Add to those figures that fact that the outgoing legislature decided last year, in an election year, not to increase taxes at all and not to lay off any county employees, instead balancing the budget using more than $6 million in reserve funds – money that is no longer available this year – and it becomes even more clear that the legislature will override the tax cap for the 2013 budget.
That process started in a meeting at the government center on June 15. Lawmakers deliberated over setting the date for a public hearing, which would be required as part of the process of over-riding the tax cap. It has been suggested that for the county to provide the same level of services next year as it did this year, a 14% tax increase would be needed. Lawmaker Kitty Vetter said that she could not accept a double-digit increase, and suggested that a limit to the increase be adopted.
Lawmaker Jonathan Rouis said that at this point the legislator was looking for flexibility, and specific figures would come later when the financial picture for next year becomes clearer.
The lawmakers ultimately agreed to hold a public hearing on overriding the tax cap on July 19, at 4:10 p.m. in the legislative hearing room at the government center.
Surveying the public
At one point, county manager David Fanslau said that Dutchess County had a survey on its website asking residents to weigh in on which services were important to them and which might not be. The legislators had a discussion about whether this would be helpful in Sullivan County. There was concern that the online audience who took the survey could not be scientifically controlled.
Samuelson said, “It’s not a policy setting survey, it’s just information, we can take it or leave it.”
Lawmaker Gene Benson responded, “If you put out a survey people are going to expect you to act on that survey, whether you think you’re going to or not.” He indicated a survey is not necessary because, “If you’re doing your job as a legislator, you should be in touch with your constituents.”
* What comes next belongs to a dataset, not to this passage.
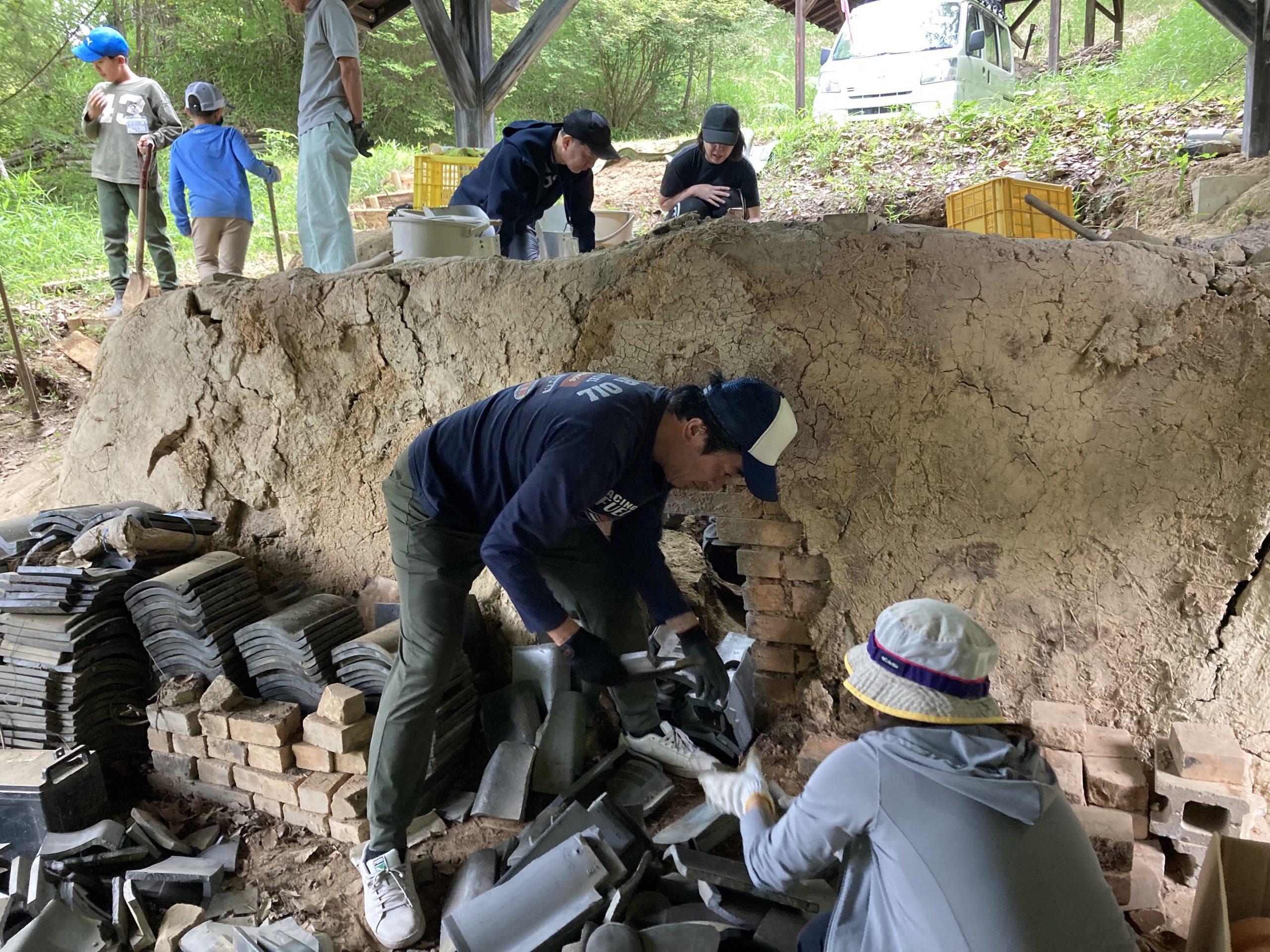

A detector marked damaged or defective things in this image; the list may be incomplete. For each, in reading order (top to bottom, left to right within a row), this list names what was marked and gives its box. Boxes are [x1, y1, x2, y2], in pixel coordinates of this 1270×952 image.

cracked mud wall [57, 223, 1270, 789]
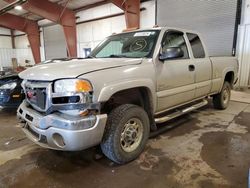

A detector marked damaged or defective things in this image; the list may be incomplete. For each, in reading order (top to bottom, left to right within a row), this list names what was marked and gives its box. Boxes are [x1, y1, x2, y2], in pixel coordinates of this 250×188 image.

damaged front bumper [17, 101, 107, 151]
Lawmaker Alan Sorensen said, “It was a good suggestion, but if you can’t control the sample, the information you’re getting may be very biased in one direction or another."
Lawmaker Cindy Gieger said, “I’m all for the public having anther avenue to communicate their concerns, but I think we need more information on how it would work.”
No decision was made regarding the survey.
A driver for veterans
The legislature also approved the hiring of several employees, mostly into positions that had been vacated and were deemed essential. At one point the position of a driver who transports veterans to medical appointments was discussed.
Vetter and lawmaker Cora Edwards asked if the various county transportation programs could be consolidated to save money.
Fanslau said no, because some of the programs involve Medicaid, some involve providing services to children, and some involve veterans and seniors, and each has distinct requirements.
At one point LaBuda became frustrated and said, “Let’s just have a vote, who wants to not transport our veterans?"
Edwards responded, saying, “I’m not saying that, and then asked, “would you calm down just a bit?”
LaBuda responded, “No, because it’s very upsetting; today’s Flag Day, there are people that are counting on this bus.”
The lawmakers ultimately approved the hire.